Where: Drama Llama at Rhino Room

When: 28-29 Feb

Tickets: Season ended (original page here)

This is going to be a slightly different review from normal. Mostly because Cultural Renegades is the show I’ve been dreaming of putting on for years.

As a member of Adelaide’s small but devoted street dance community, I’ve always wondered how we might be able to open up our little world to the general public and show them why we do what we do. How can we involve the wider community in the electrifying energy of a freestyle dance battle? How can we invite them into our dance cyphers and make them feel the joy, dynamism, and pure human connection we feel as we dance? Can we help them hear the music, feel the hype, experience the elation of self-expression through movement?

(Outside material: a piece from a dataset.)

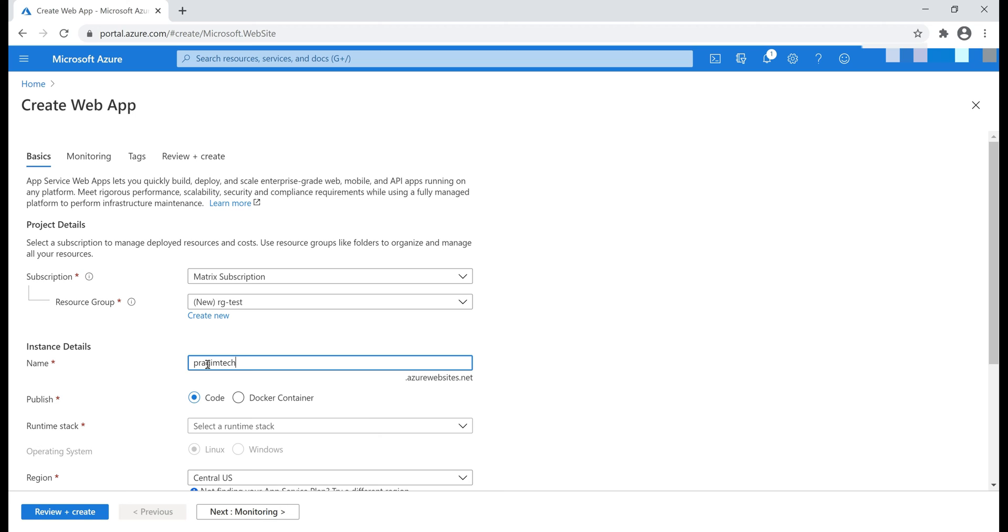By default, we get this URL, pragimtech.azurewebsites.net. If we want, we can use our own custom domain. We'll discuss how to do that in our upcoming videos.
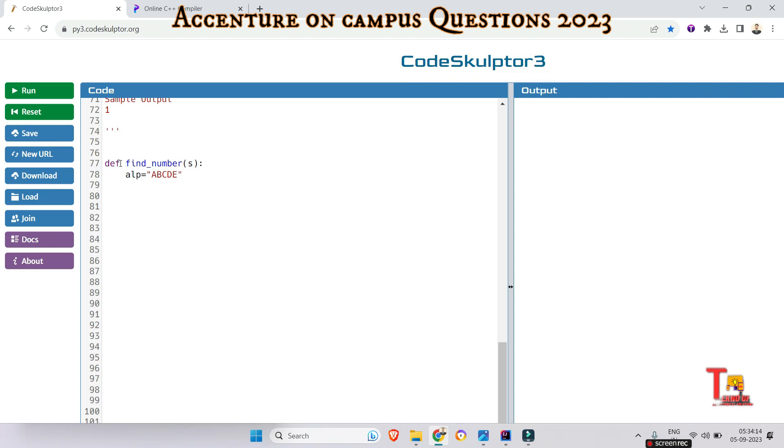Then we will initialize a variable to store the final numeric value: num = 0. Then we will iterate through each character in the input string s: for char in s.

Being part of this scene is one of the greatest privileges I have in my life. Understandably, I want to share the way it feeds my soul with as many people as possible, whether they’ve danced before or not. Well, Lisa Crowe and her talented team of authentic street dancers have come to Adelaide and done exactly that, making a little dream of mine finally come true.

Cultural Renegades invites the audience to experience the raw, explosive vibe of a street dance party, with a focus on inclusion, community, and a boatload of pure fun. Set in a tiny basement room so the audience are right up close with the dancers, the show is constantly inviting the audience to form circles, mingle, groove, and even to show their stuff alongside the performers. The attitude is pure celebration – of movement, of music, of diversity and community and fun.

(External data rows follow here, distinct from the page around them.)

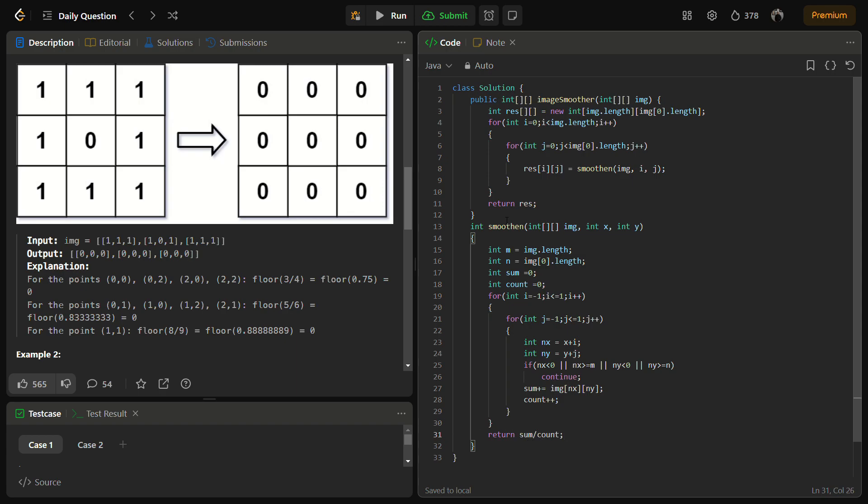We basically want to return the floor value of this, but the default integer division gives the floor value. In Python you can do a double slash instead of single slash, so that will give you integer division.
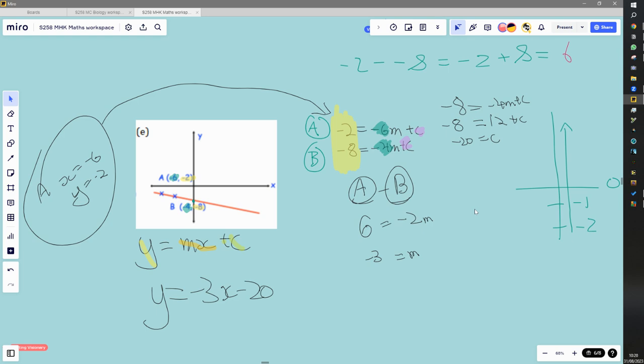With a straight line graph, you always subtract one equation from the other — it could be A minus B or B minus A. Because you've always got c on its own, subtracting cancels c out and leaves an equation with just m. When we subtract equation A from B: negative two minus negative eight is the same as negative two plus eight, giving us six on the left. On the right, the c's cancel and we get negative six m minus negative four m, which is negative two m. Dividing both sides by negative two gives m = negative three.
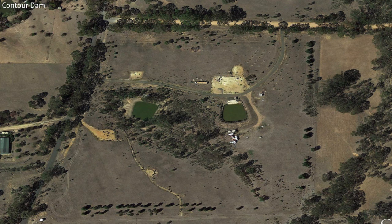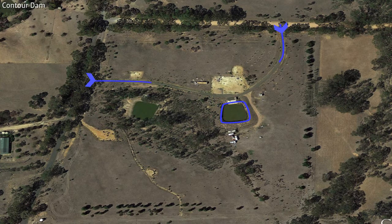This is an example of a contour dam. The dam, on a site designed and built by Darren Dougherty in Australia, primarily uses the site's driveway as a water collection surface to supply the reservoir.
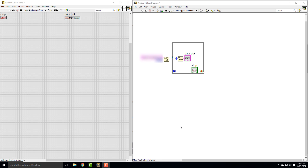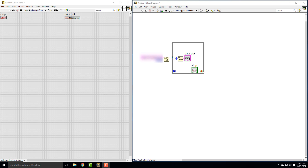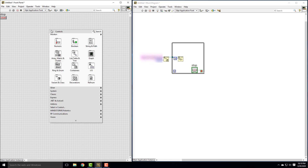Hi everybody, it's Dr. Dan. I'm back to continue our discussion on how we can collect data over the internet using TCP and LabVIEW. We left off last video just displaying the data as numbers in the data out field. We actually want to see what our ECG data looks like, so instead of just displaying numbers, we're going to make a graph.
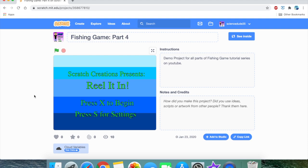Hello fellow coders out there, and welcome to part 4 in my series on how to make a fishing game here on Scratch. So far we've made a main menu screen, a game over screen, a score mechanism, and a lives mechanism. In this tutorial we're going to be making a settings mechanism, background audio, a shop system, a level-up system, and a lot of other cool features as well. So without further ado, let's get into this!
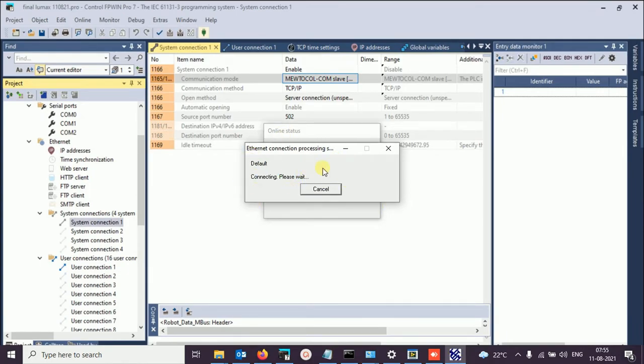Now the PLC is not connected, that's why only this is the issue right now.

Hip-hop and dancehall are the main styles on display, but expect to also see popping, locking, breaking, krump, and more. Lisa Crowe’s team, assembled from across Australia, are a physically and stylistically diverse ensemble that represent the diversity of the wider freestyle community – it’s all about individuality, style, and skill, no matter what you look like or where you come from. Expect to see lite feet dancers move with astonishing speed, dancehall queens rhythmically celebrating their bodies, breakers spinning like tops on the floor, and poppers doing flawless robot impressions. I was so delighted to see that even the choreographed sections focused on authentic party dance moves that captured the true social spirit of the dances. Cultural Renegades delivers real and genuine street dance culture with incredible skill and versatility.

In between the dance sets, MC MelloDian showcased another aspect of hip hop culture with mesmerising spoken word and rap verses that elaborated on the themes of the show. His verses wove through a range of topics that centered on culture, community, and the uniting power of music and dance. In a truly memorable moment, female krumper Nadiah freestyled to an acapella spoken word piece by MelloDian, earning deafening cheers and hype from the audience. The MC also smoothly managed the fluid transitions in the structure of the show, from mock dance battles to showcase sets to audience-participation party grooves and cypher circles.

On the night I attended, a large group of the local Adelaide street dance community also showed up to the event. When the performers realised this they encouraged us to participate in the show throughout the night, truly eliminating the boundaries between performer and audience in the democratic spirit of street dance. It was an absolute joy to see the respected and accomplished members of my own community invited to demonstrate their skills too, purely in the spirit of connection and celebration. I was told that far fewer trained dancers attended the opening night, but the ‘regular’ audience were just as if not more responsive to the skill and infectious energy of the dancers.

Street dance, as a hobby and a community, has gotten me through the darkest times of my life and filled the best times with incredible lightness and joy. I truly can’t imagine life without the feeling of freestyle dance, and I am so ecstatic that Cultural Renegades has endeavoured to show non-dancers a sample of what this lifestyle and culture is really like. It’s a shame that this show only ran for two nights, because it’s an absolute must-see that I dearly hope comes back to Adelaide in the future. And if it fills you with the inspiration and passion to keep dancing it might even change your life, the same way discovering dance changed mine.